Generating Shakespeare with Transformers
After building my custom tokenizer and exploring autograd from scratch, I was itching to tackle something bigger: implementing a full transformer architecture to generate Shakespeare-style text. This project combines everything I've learned about neural networks with the revolutionary "Attention Is All You Need" paper by Vaswani et al. - the work that launched the modern AI revolution.
I'll be honest - I've been fascinated by transformers ever since I first read about GPT-2 during my time at UC Berkeley. The idea that you could generate coherent text just by predicting the next character seemed like magic. I've been dabbling in training all kinds of transformers since then.
The Transformer Engine
From Attention Mechanisms to Elizabethan Poetry

The transformer architecture: where attention mechanisms meet language generation to create surprisingly coherent text.
What I Built
This project resulted in a complete decoder-only transformer implementation that generates Shakespeare-style text. I trained it on the classic tiny-shakespeare dataset using A100 GPUs (because let's be real, training transformers on my laptop would take forever). The model achieves impressive results with just 8 layers and 8 attention heads, generating surprisingly coherent Elizabethan prose.
Model Architecture
37.2M Parameters
8 layers × 8 attention heads
512 embedding dimensions
256 Context Length
Character-level tokenization
65 unique characters
Generated Shakespeare Sample
Loading generated text...
Model: 8-layer transformer with 8 attention heads (37.2M parameters)
Training: Character-level on tiny-shakespeare dataset
Context: 256 characters, trained for 5000 iterations
Technical Implementation
The complete implementation spans several key components, all built from scratch in PyTorch. I drew heavy inspiration from Andrej Karpathy's excellent nanoGPT repository, which provided invaluable guidance on transformer architecture and training best practices.

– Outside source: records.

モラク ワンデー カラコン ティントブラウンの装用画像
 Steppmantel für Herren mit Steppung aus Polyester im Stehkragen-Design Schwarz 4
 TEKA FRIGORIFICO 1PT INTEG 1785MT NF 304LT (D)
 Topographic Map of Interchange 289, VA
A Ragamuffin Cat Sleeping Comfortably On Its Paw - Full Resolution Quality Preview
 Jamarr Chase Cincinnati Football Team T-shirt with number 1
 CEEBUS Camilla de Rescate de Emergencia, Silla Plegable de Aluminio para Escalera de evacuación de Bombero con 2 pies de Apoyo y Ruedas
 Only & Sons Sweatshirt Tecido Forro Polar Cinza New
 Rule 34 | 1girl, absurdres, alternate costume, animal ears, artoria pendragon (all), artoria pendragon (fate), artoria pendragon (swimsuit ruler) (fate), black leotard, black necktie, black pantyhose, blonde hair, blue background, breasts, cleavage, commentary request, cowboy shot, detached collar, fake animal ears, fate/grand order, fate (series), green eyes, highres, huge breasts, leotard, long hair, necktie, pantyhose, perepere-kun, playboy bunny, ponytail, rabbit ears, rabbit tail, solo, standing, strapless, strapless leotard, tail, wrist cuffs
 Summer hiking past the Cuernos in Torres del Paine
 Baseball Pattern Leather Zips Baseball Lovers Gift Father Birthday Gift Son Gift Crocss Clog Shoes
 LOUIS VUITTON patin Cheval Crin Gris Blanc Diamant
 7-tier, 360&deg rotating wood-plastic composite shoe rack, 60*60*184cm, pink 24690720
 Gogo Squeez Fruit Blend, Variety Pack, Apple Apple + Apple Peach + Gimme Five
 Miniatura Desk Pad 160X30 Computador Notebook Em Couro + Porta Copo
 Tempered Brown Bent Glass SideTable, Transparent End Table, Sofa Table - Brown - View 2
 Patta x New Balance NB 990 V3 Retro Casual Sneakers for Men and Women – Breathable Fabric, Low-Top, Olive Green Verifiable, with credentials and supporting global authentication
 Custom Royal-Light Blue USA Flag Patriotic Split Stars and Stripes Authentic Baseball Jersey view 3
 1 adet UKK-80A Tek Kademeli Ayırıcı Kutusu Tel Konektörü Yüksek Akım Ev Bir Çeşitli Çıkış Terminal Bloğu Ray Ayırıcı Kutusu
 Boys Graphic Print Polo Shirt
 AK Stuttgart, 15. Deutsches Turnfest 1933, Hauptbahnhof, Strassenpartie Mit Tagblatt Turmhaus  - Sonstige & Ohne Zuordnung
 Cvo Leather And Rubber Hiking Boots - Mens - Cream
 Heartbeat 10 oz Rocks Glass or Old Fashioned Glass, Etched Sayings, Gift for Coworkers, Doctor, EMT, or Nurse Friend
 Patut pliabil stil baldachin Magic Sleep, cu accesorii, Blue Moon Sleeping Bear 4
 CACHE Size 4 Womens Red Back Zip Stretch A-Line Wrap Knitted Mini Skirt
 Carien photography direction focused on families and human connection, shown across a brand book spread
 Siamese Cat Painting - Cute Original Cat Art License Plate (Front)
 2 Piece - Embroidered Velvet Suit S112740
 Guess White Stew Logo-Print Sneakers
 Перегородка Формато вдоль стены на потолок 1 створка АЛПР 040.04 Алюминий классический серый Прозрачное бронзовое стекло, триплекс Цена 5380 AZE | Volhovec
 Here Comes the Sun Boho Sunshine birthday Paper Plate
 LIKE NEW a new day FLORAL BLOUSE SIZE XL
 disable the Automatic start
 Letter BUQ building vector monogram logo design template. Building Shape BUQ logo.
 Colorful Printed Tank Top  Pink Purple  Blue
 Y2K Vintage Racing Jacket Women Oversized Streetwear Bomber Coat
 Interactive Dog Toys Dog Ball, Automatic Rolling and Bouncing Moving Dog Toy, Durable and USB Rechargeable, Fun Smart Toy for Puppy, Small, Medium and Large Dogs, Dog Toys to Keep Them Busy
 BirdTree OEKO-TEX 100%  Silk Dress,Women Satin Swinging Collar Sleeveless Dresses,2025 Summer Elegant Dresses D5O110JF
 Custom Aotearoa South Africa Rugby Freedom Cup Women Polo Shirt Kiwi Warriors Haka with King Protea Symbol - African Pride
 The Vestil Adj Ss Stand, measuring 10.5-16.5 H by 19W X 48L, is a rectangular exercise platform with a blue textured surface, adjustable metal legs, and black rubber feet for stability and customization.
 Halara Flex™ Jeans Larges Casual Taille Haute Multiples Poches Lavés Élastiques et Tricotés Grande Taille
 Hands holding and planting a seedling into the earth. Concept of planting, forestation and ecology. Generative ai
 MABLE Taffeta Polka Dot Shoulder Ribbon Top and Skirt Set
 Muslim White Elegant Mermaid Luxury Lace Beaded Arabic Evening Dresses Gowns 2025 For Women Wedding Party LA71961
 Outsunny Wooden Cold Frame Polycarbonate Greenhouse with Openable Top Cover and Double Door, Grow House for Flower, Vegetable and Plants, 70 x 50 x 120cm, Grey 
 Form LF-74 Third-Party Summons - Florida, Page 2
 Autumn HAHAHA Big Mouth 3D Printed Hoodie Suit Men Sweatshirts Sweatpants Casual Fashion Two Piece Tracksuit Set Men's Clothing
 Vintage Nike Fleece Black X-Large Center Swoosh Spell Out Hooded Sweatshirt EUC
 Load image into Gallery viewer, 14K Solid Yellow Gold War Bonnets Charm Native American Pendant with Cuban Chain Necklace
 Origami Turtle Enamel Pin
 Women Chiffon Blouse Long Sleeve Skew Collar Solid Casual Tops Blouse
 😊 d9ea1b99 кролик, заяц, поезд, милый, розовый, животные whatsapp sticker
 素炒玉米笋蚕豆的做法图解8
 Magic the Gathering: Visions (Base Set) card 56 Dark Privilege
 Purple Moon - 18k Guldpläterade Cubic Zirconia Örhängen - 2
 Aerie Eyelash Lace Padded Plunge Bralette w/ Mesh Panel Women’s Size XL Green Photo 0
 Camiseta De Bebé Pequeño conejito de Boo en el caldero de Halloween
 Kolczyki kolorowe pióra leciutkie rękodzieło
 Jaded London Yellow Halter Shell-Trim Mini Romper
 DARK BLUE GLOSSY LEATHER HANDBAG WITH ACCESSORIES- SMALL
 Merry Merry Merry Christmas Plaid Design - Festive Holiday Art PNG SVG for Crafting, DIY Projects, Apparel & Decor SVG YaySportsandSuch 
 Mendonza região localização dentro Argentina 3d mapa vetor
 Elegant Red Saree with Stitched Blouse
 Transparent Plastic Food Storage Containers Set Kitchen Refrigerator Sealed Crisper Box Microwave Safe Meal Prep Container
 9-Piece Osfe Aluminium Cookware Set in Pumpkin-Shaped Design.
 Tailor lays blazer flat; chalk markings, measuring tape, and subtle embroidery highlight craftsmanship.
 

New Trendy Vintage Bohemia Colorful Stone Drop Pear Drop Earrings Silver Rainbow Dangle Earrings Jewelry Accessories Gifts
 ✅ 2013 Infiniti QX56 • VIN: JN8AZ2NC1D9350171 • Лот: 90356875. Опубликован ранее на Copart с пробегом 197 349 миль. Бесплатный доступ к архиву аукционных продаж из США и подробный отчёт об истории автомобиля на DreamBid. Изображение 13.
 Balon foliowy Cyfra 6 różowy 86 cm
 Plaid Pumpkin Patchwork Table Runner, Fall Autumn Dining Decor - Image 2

If you're curious about diving deeper into the implementation, I've made the complete code available in the Google Colab notebook below. It includes step-by-step explanations, interactive examples, and plenty of opportunities to experiment with different architectures and hyperparameters. Fair warning: once you start generating your own Shakespeare, it's hard to stop!
This project demonstrates the power of transformer architectures and the elegance of attention mechanisms. From the groundbreaking "Attention Is All You Need" paper to modern LLMs, the core principles remain remarkably consistent - and surprisingly implementable from scratch.